US companies have the upper hand at the moment in Indian digital space, but here are some of the reasons why Chinese companies have a really good shot at dominating the battle in the long run.
- By Ritesh Mehta
A nation of 1.3 billion people. 450 million (35%) of them connected to the internet. Rising incomes, cheapest internet access in the world, and increasing interest from the population in going online. This makes India a formidable market for all kinds of businesses who are either digital, internet first, or want a piece of the pie.
Broadly speaking, there are three major players competing for the ₹₹₹ that Indian consumers represent when it comes to their wallets, time spent on internet, or their data. These players are Indian internet companies, US based internet companies, and Chinese internet companies. We aren’t talking about VC firms here — they are investing someone else’s money and hoping that it works. We are talking about companies willing to invest their own money.
Out of the three, India companies are either relying on VC money or hoping that either US or Chinese companies will fund them. Not all of them, but a lot of them fall into this category. Therefore, the real competition is between US and Chinese companies to see who can win the long-term battle of unlocking the value of hundreds of millions of Indians coming online and spending their money, time, and data — whatever that can be monetised.
US companies have the upper hand at the moment — Amazon and Walmart-owned Flipkart rule the e-commerce space.

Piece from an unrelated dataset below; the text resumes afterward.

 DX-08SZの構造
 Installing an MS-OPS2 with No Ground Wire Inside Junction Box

Facebook and Google account for a majority of time spent by Indian internet users, and therefore have access to data that can be monetised. These are the facts that we know so far. Let’s now look at what the future holds. Here are some of the reasons why Chinese companies have a really good shot at dominating the battle in the long run.

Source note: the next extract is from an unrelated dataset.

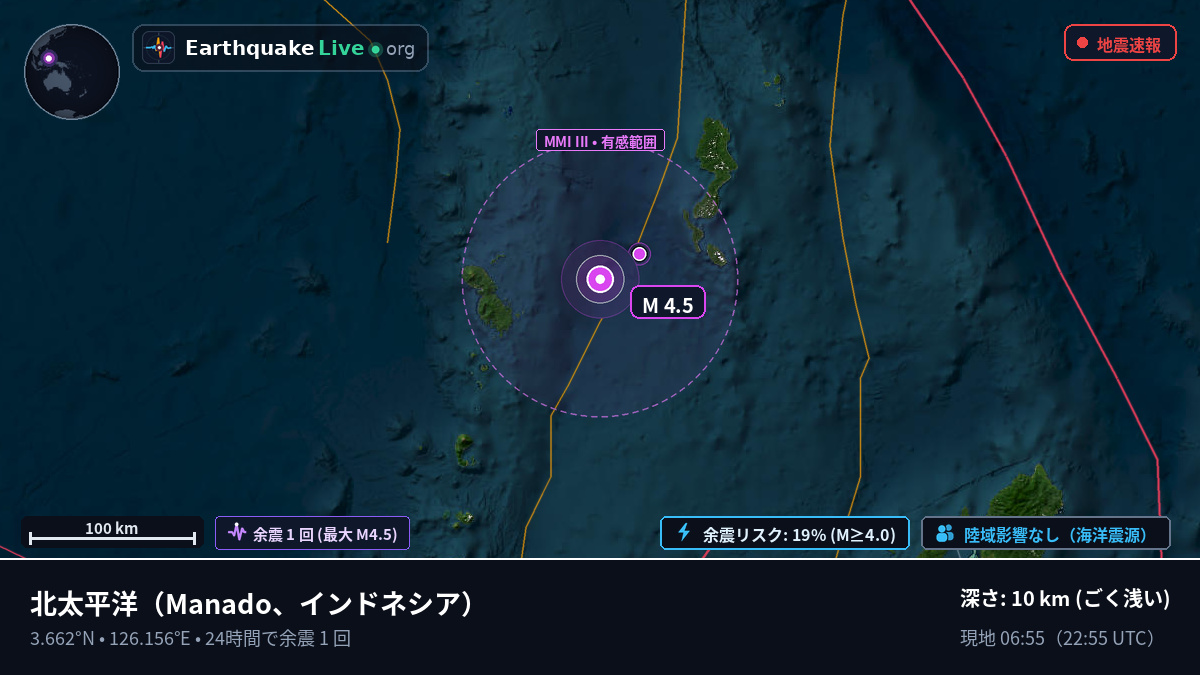 北太平洋 (インドネシア)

- Chinese companies understand India better: While India and China are very different countries (culturally, linguistically, politically, etc), Chinese companies are more adept at understanding the nuances of India and adapting to them. Look at how quickly the likes of Xiaomi, Oppo, OnePlus have captured the Indian cellphone market. While their competition was Samsung, a South Korean company, the Chinese companies were fast movers in understanding marketing, finding the right balance between price and quality, and using strategies like country wide offline stores that felt very Indian to push their brands. They built a retail network by tapping into SMEs who own their mobile shops. The Chinese figured out how to sell in India much faster than any other technology company. Apple is still struggling to establish their foothold, has gotten into regulatory issues, and isn’t growing at the speed that other high-end players like OnePlus are growing in India.

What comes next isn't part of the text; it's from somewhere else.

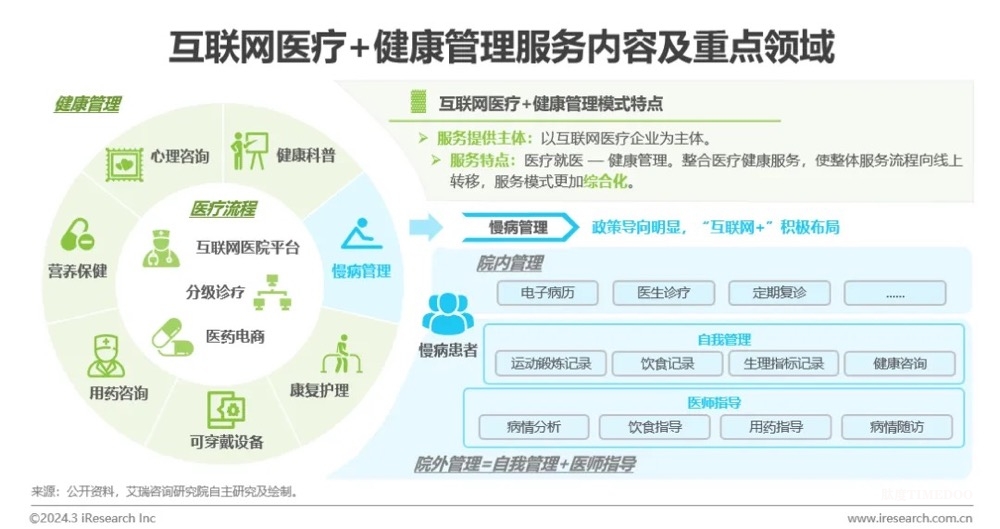 中國(guó)健康管理行業(yè)研究報(bào)告-肽度TIMEDOO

- Chinese companies want to do business, American companies want to save the world: Another way to put this is, Chinese companies are run by founders that put business first while American companies are run by founders that want to build a legacy. Alibaba’s vision is “to make it easy to do business anywhere”. Tencent’s mission is “to improve quality of life through internet value-added services”. It’s clear that these companies mean business. Google’s mission is “to organize the world’s information and make it universally accessible and useful”. Facebook’s mission is “to give people the power to build community and bring the world closer together”. There is nothing there about doing business, or what they sell. This major difference in their missions plays out in real life in what these companies prioritise for. Alibaba has taken significant stakes in companies like PayTM, Zomato, and Big Basket — areas where they dominate in China. No American internet companies have invested in any of the large Indian start-ups in order to make it easier for them to do business or diversify. Instead, American internet companies continue to focus on their narrative of how they are making India a better place. This might be a solid long term strategy (only time will tell), but the Chinese companies are clearly touching Indians across various services through their investments or their own services like TikTok that are widely popular amongst the youth in India.
- Chinese companies are used to regulation: Everything in China is regulated — it has been for years, and it will always be in the foreseeable future. This has prepared the Chinese internet companies really well for India where regulation arrives overnight and is rarely thought through. Because they always expect it, they can move quickly to adapt to regulation. Look at how quickly Alibaba backed PayTM has pivoted to take advantage of either changing regulation or policy void. On the other hand, American tech companies are clearly playing catch up when it comes to regulation in India. WhatsApp payments can help India move into digital payments overnight, but it can’t launch because of lack of regulatory clarity. Google was fined Rs 136 crores for search bias in India by the Competition Commission of India. It’s a safer bet to assume that Chinese companies, with their experience of working around rigid regulation in China and their investments in “Indian” tech companies, will be better placed to deal with India’s half-baked tech regulations that will arrive in the next few years.
This is, by no means, a guaranteed outcome. The US tech companies can learn these lessons quickly. They can start writing large cheques to invest in Indian tech companies directly, instead of trying to do everything on their own. They can shed their world savior complex and focus on doing business. It will be a tough road, and the Chinese companies will not make it easy for them. Indian tech companies, I am afraid, will have to watch and learn. They haven’t hit the maturity curve yet to compete with the global giants, but they will get there soon. Let’s see who wins the Internet in India — this is going to be an exciting ride.